Honorの5Gスマートフォン「V40」が登場 “脱・Huawei化”のメリットと課題:山根康宏の中国携帯最新事情(2/2 ページ)
Honorの新しいスマートフォン「V40」は、HuaweiのサブブランドだったHonorが独立してから登場する最初の製品。プロセッサや外部メモリなど、Huaweiのサブブランド時代とは異なる仕様が多い。販路も独立し、どれだけ認知を拡大できるかが問われている。
販路も独立、どれだけ認知拡大を図れるか
Honorはこれまで中国国内ではダブルスタンダード戦略で販売数を増やしてきた。Honorは中国ではHuaweiとは別の実店舗展開を行っている。Huaweiが上海や深センにオープンしたフラグシップストアにはHonor製品は一切展示されていない。Honorの店舗はHonorストアとして独立展開されている。インフルエンサーを使った広告なども、HonorとHuaweiではイメージの異なる展開がされていた。
一方、オンライン販売はHuaweiの「Vmall」の中にHuaweiコーナーとHonorコーナーがあり、両者は同じWeb上で販売されていた。Honorの新製品が発表されれば、Vmallを開くと真っ先にそれが表示される、といった具合だ。オンライン上ではHuaweiとHonorは区別なく販売されており、中国の消費者もHuaweiとHonorは同じメーカーの製品であることを十分認識しているのだ。
ちなみにVmallは2012年に開業しており、既に10年の歴史がある。2013年にHonorブランドが登場したとき、HonorはVmallやECサイト取り扱いのみというオンライン販売に特化した製品だった。そのころからHonorはHuaweiのサブブランドという位置付けを確立していったのだ。その後、Honorは若い世代向けのコスパ製品を扱うブランドとして人気を高めていったが、Honorの販売が国内で好調だったのは信頼のおけるHuaweiと同じメーカーの製品だったからでもあるのだ。
VmallでのHonor製品の扱いは2021年1月11日までで、1月12日からはHonorは独自の販売サイト「HiHonor」を開設した。

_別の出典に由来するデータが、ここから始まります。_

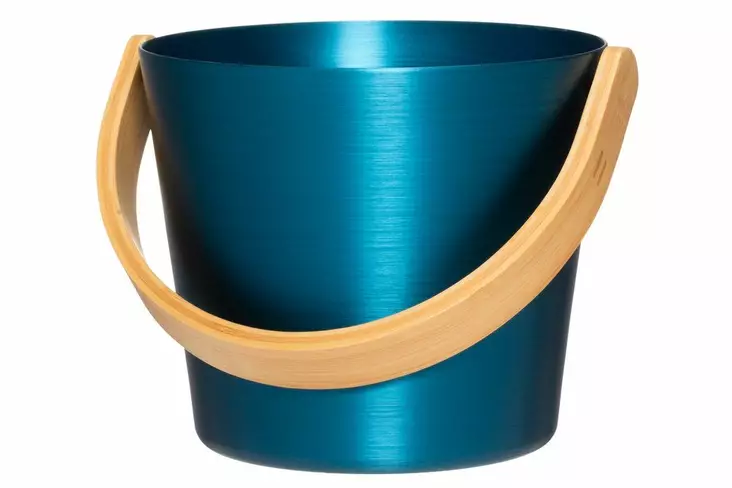 Rento saunasanko alumiini - Saavit,  pesuvadit ja jakkarat - 6410416301525 - 1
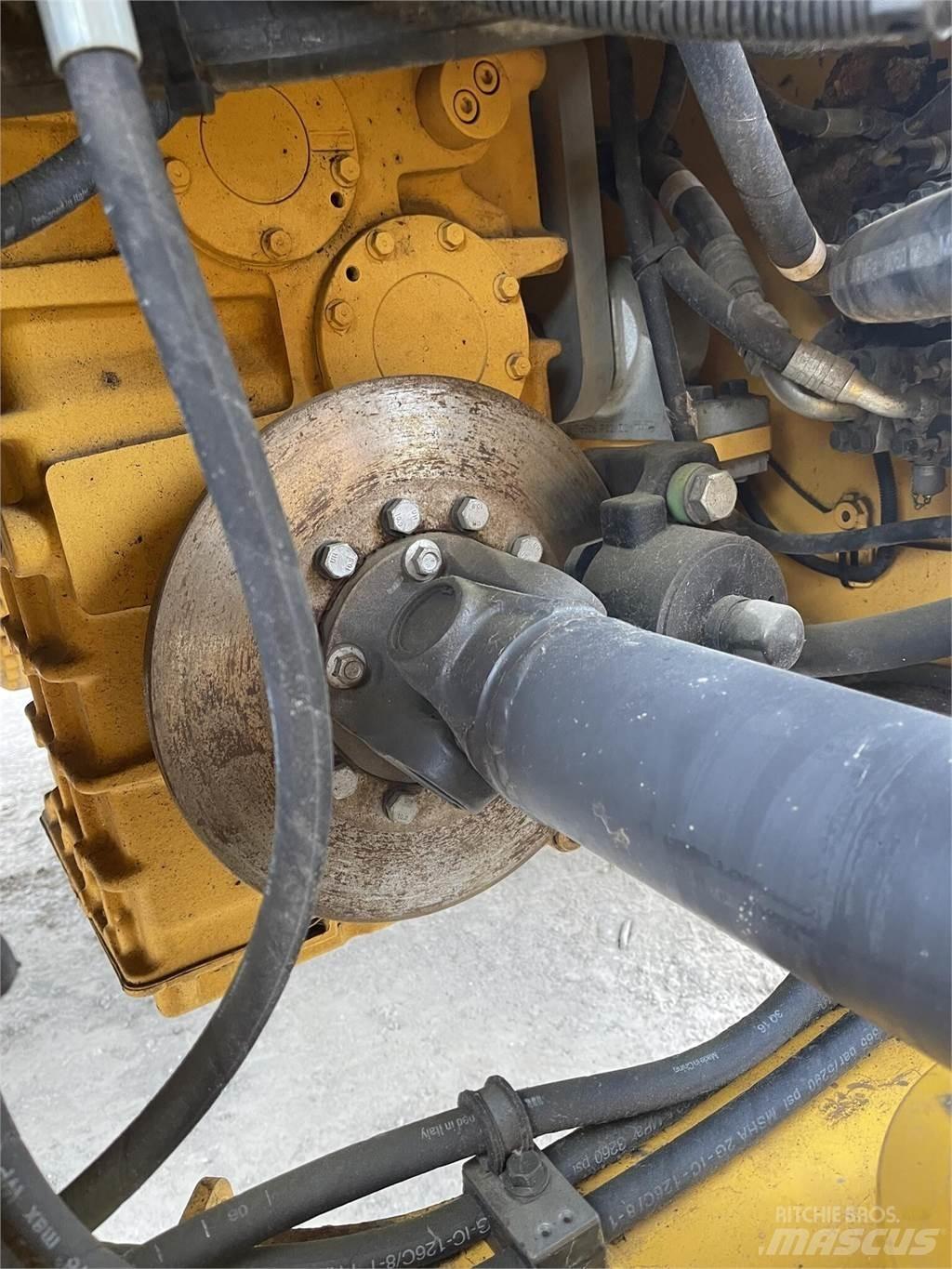 Volvo L70H Ładowarki kołowe
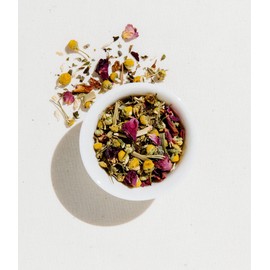 Art of Tea | Sleep Herbal Tisane Tea | 4oz Refill Bag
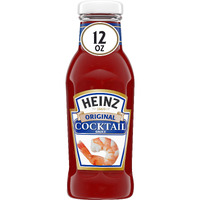 Heinz Original Cocktail Sauce, 12 Oz - Pack Of 12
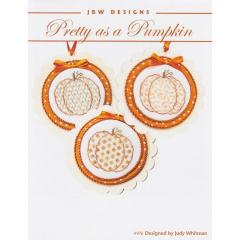 JBW Designs - Pretty As A Pumpkin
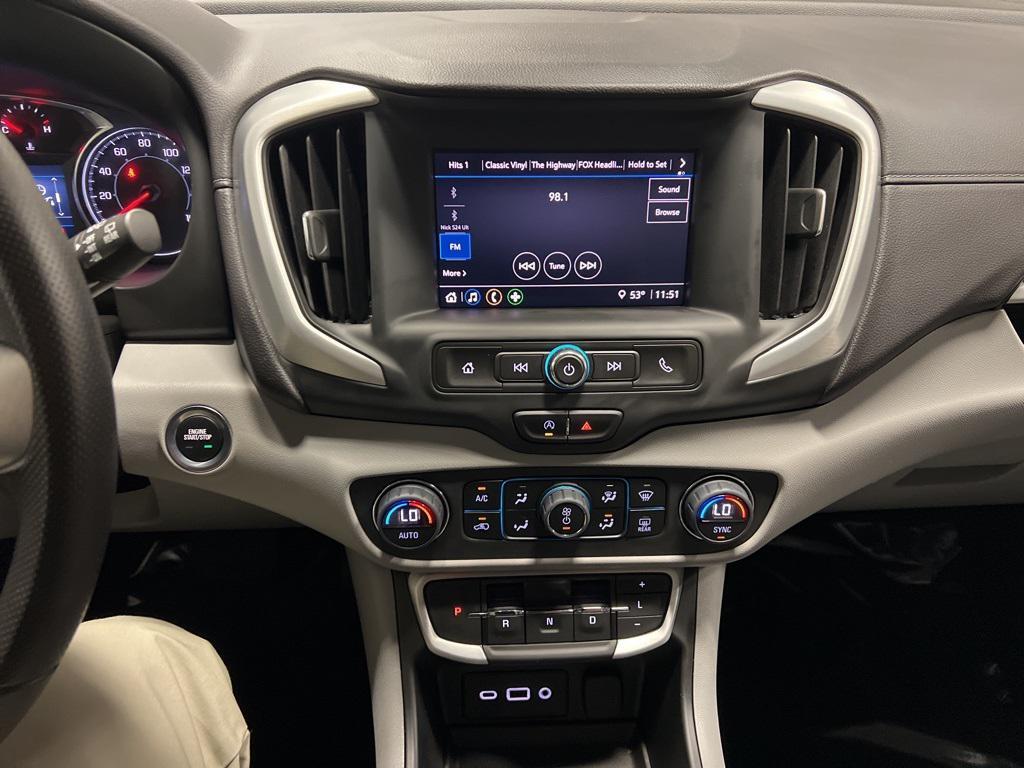 used 2023 GMC Terrain car, priced at $23,830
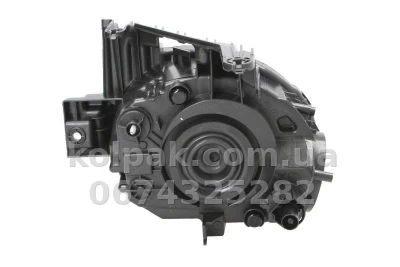 Front right headlight Nissan Juke 2010-2013, H4, electric adjustment, Depo, 215-11D8R-LD-EM Front right headlight Nissan Juke 2010-2013, H4, electric adjustment, Depo, 215-11D8R-LD-EM β photo 2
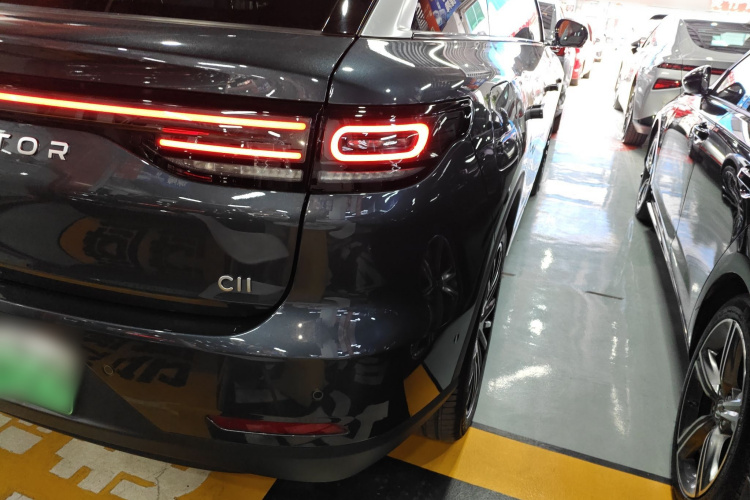 零跑汽车 零跑C11 2026款 纯电 640激光雷达版车身外观6006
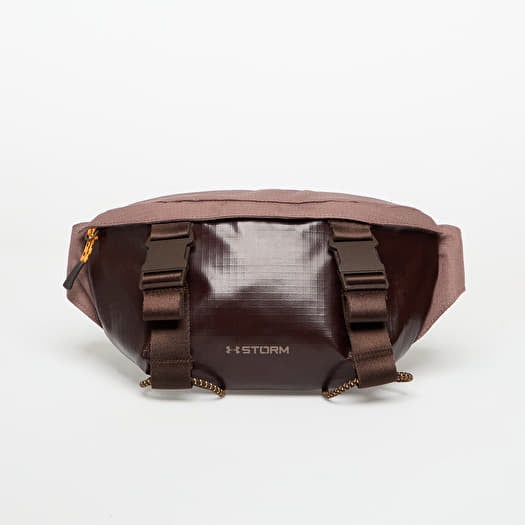 Midjeveske Under Armour Ua Summit Trail Waist Bag Black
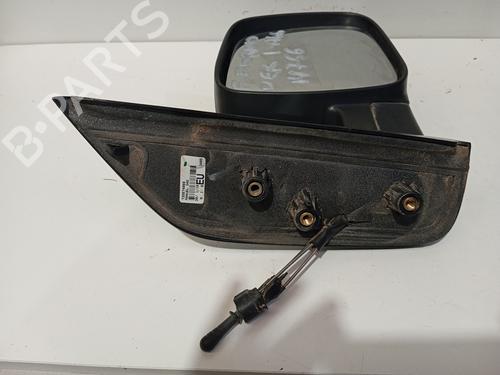 Right mirror FIAT FIORINO Box Body/MPV (225_)  | BP29002198C27 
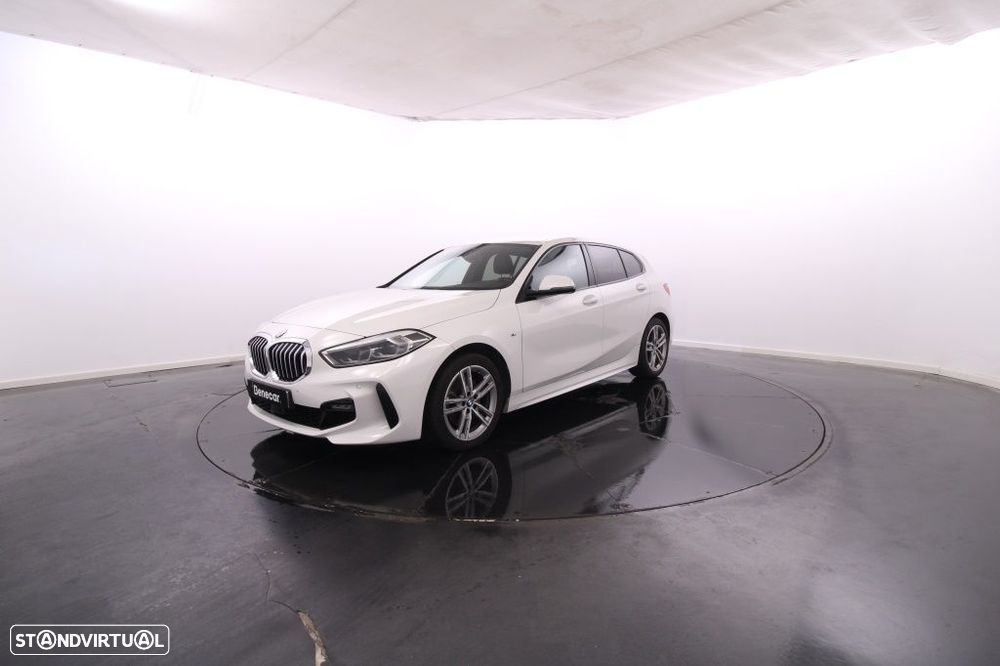 BMW 116 d Pack Desportivo M Auto - 2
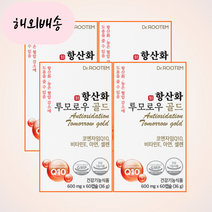 코엔자임q10 홍국 코큐텐 11 효능 100mg, 1개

HiHonorは既にグローバル向けに展開しており、そこに中国が新たに加わった。Vmallでは1月上旬から徐々にHonor製品の取り扱いがなくなり、1月12日のHiHonorへの移行が連日アナウンスされていた。
Honor V40の発表会で、同社CEOの趙明氏は「Honorは中国のオンライン販売でナンバーワン」と説明した。確かにHonorはオンラインに強いブランドではあるものの、前述したようにHuaweiと一緒にVmallで販売されていたからこそ製品が消費者の目にとまりやすかった。しかし独立運営された今、消費者の目をHiHonorに向けさせなくてはならない。Honor分離後のVmallではワインや高級食品の販売も目立つ。Huaweiですらそうやって消費者の興味を自社サイトに向けさせようとしている。
Honorも今後はスマート家電なども取り扱いたいところだろう。Huaweiのサブブランド時代はHonorブランドのスマート家電対応Wi-Fiルーターや、VmallのHonorコーナーでスマート家電を販売していた。しかしそれらはいずれもHuaweiのスマートソリューション「HiLink」に対応したものだった。Huaweiから独立した今、HonorはHiLink以外のスマートソリューションの開発、または他社ソリューションの導入も必要となる。スマートライトやスマートプラグなど手軽に買えるスマートを販売するにも、それを接続させるためのアプリやサービスが必要だ。
今後はV40を中心に、ミドルレンジやエントリーモデルの拡大も必要となる。MediaTekやQualcommが低価格な5Gプロセッサを投入している今、Honorはエントリーモデルも5Gモデルとし、全製品を5G化させることで消費者や通信事業者からの関心を引き寄せるという戦略もあるかもしれない。V40の次にどんなスマートフォンを投入してくるのか、Honorの今後の動きに注目したい。